To begin with, here’s the C version of the function.
C Version
1
2
3
4
5
6
7
8
9
10
11
12
13
14
15
16
void bubble_sort_c(int32_t *array, const int32_t array_len) {
bool swapped = true;
int32_t temp;
do {
swapped = false;
for(int i=0; i<array_len-1; i++) {
if (array[i] > array[i+1]) {
temp = array[i+1];
array[i+1] = array[i];
array[i] = temp;
swapped = true;
}
}
} while(swapped == true);
}
Disassembly
…And now the function disassembly. The table, below, describes what each register is used for.
| Register | Purpose | |
|---|---|---|
| RDI | Address of array (element 0) | |
| ECX | Initially used to store current array value (left-hand side), then loaded with next array value (right-hand side) just before comparison | |
| R8d | Loaded with value of current element (left-hand value) | |
| R9 | Contains address of current element (used as left-hand value) | |
| R10d | Used as loop counter from number of elements in array down to zero | |
| R11b | Used for ‘swapped’ flag (1/0) |
Now, the listing with my comments on the right. It’s important to point out that this function was inlined by the compiler whereas the assembler ones were not. This may well have a lot to do with the performance difference.
1
2
3
4
5
6
7
8
9
10
11
12
13
14
15
16
17
18
19
20
21
22
23
24
25
26
mov ebx, eax ; Preserve EAX in EBX
nop word ptr [rax+rax+00h] ; Byte-Alignment (not a real instruction)
loc_1400010D0:
mov ecx, [rdi] ; RDI points to our array. Here we move the first value into ECX.

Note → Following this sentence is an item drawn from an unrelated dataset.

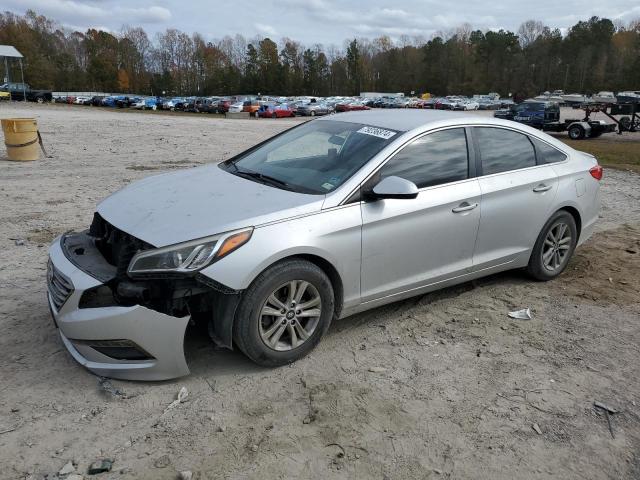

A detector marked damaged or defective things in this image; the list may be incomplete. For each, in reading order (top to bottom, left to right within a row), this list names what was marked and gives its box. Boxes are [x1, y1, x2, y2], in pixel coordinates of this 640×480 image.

xor r11b, r11b ; Set R11b to 0
mov r9, rdi ; Copy address in RDI to R9 (first element of our array)
mov r10d, 3E7h ; Move 1000 (number of elements) into R10d, for upper bounds check
xchg ax, ax ; Byte-Alignment (not a real instruction, same op-code as NOP)
loc_1400010E0:
mov r8d, ecx ; Copy value in ECX into R8d (left-hand value)
mov ecx, [r9+4] ; Copy next array value (right-hand value) into ECX
cmp r8d, ecx ; Compare both values
jle short loc_1400010F9 ; If value in R8d (left-hand) is less than value in ECX (right-hand), no sorting required so jump to loc_1400010F9
mov [r9], ecx ; If not, then put value in ECX (right-hand value) into address pointed to by R9 (which is address of left-hand value)
mov r11b, 1 ; Set R11b to 1 to indicate we have swapped values in the array
mov ecx, r8d ; Move value in R8d (left-hand value) into ECX
mov [r9+4], r8d ; Move value in R8d (left-hand value) into address of right-hand value (we've basically swapped)
loc_1400010F9:
add r9, 4 ; Move to next element of array
sub r10, 1 ; Subtract 1 from the length of array
jnz short loc_1400010E0 ; If the above operation did not result in 0 then jump to loc_1400010E0 (top of loop)
cmp r11b, 1 ; Check if we swapped in last array scan
jz short loc_1400010D0 ; If yes, then jump back to top of function
Nothing miraculous that I can see. On an array with 100,000 elements this is consistently 2 seconds faster that my own assembler implementations(s), despite it being pretty similar and seemingly not using any clever or esoteric instructions. I suspect it has a lot to do with the fact that the function was inlined and probably related to the two lines used for byte-alignment. I’m not going to worry too much about it, though. It’s actually quite pleasing to see a compiler putting the effort into squeezing performance out of even one of Computer Science’s shittier algorithms. No job is too small!